Member of the Tennessee House of Representatives from the 10th district
- In office January 14, 2003 – January 11, 2011
- Preceded by: Stancil Ford
- Succeeded by: Don Miller

Personal details
- Born: July 24, 1961 (age 64)
- Party: Democratic
- Spouse: Lisa Litz
- Education: University of Tennessee (BS)
- Website: House website

= John Litz =

American politician

John Litz (born July 24, 1961) is a United States Democratic Party politician, formerly serving as a State Representative in Tennessee.
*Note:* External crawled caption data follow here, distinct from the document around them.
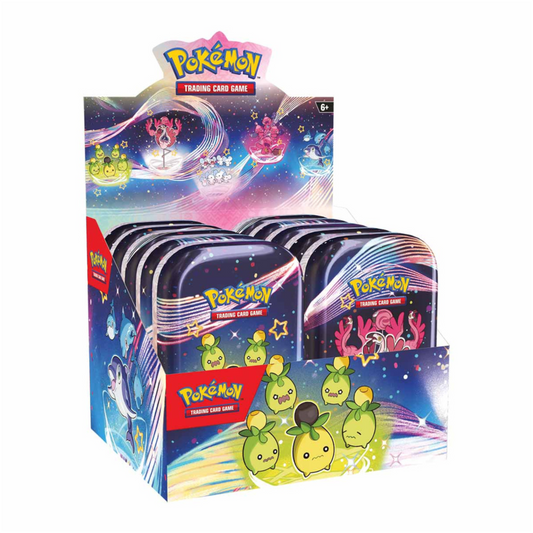 Pokemon Scarlet & Violet Paldean Fates Mini Tin Display Box
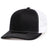 Pacific Headwear Contrast Stitch Trucker Snapback 104S BLACK/WHITE/BLACK OS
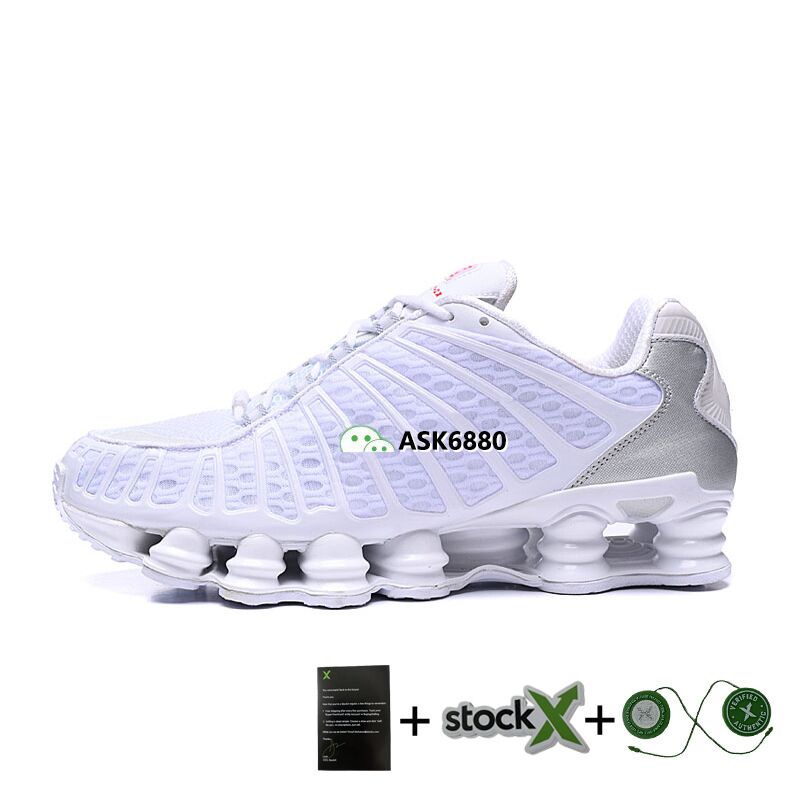 Беговые кроссовки Shox TL унисекс, верх из натуральной кожи, резиновая подошва, 14 расцветок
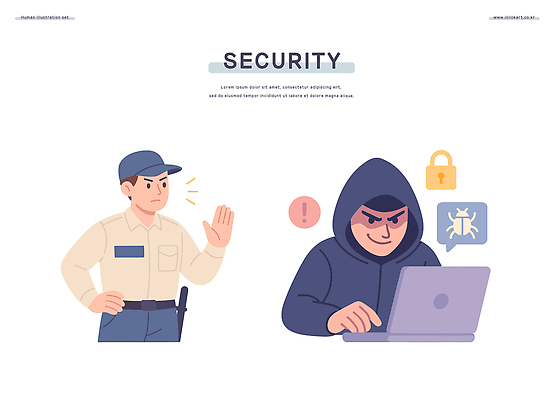 남자 허리손 말풍선 일러스트 자물쇠 상반신 성인 두명 노트북 손들기 타이핑 바이러스 느낌표 범죄인 경찰복 경찰모자 경찰봉 나쁜 인터넷보안 성인남자만 국내일러스트 AI파일 모자_잡화 기호 포즈 유니폼 모션 사람 전자제품 범죄 경찰 보안 남자만 성인만 파일형식 벡터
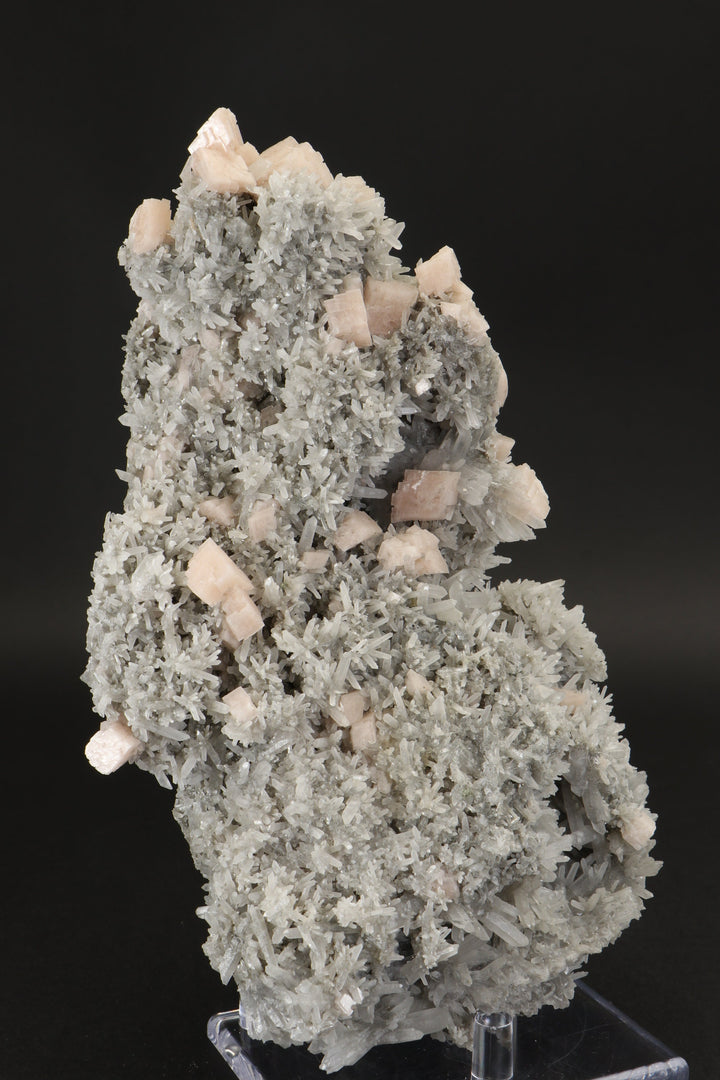 Needle Quartz Cluster with Pink Dolomite Crystals DX1485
He represented District 10, Hamblen County.

==Biography==
John Litz hold a B.S. degree in Agriculture from the University of Tennessee and makes his living as a farmer, operating Litz Farms in Hamblen County. He was first elected to the General Assembly in 2002 defeating Republican incumbent Stancil Ford. He served as a House member of the 103rd, 104th and 105th General Assemblies serving on the following committees:
- Secretary, House Calendar and Rules Committee
- Member, House Agriculture Committee
- Member, House State and Local Committee
- Vice Chair, House Elections Subcommittee

In November 2006, Litz was re-elected without opposition to a 3rd term. In December 2006, he was selected by the Democratic Caucus to serve as Assistant Majority Leader. In September 2007, Litz announced his intention to retire from the legislature after his current term expired.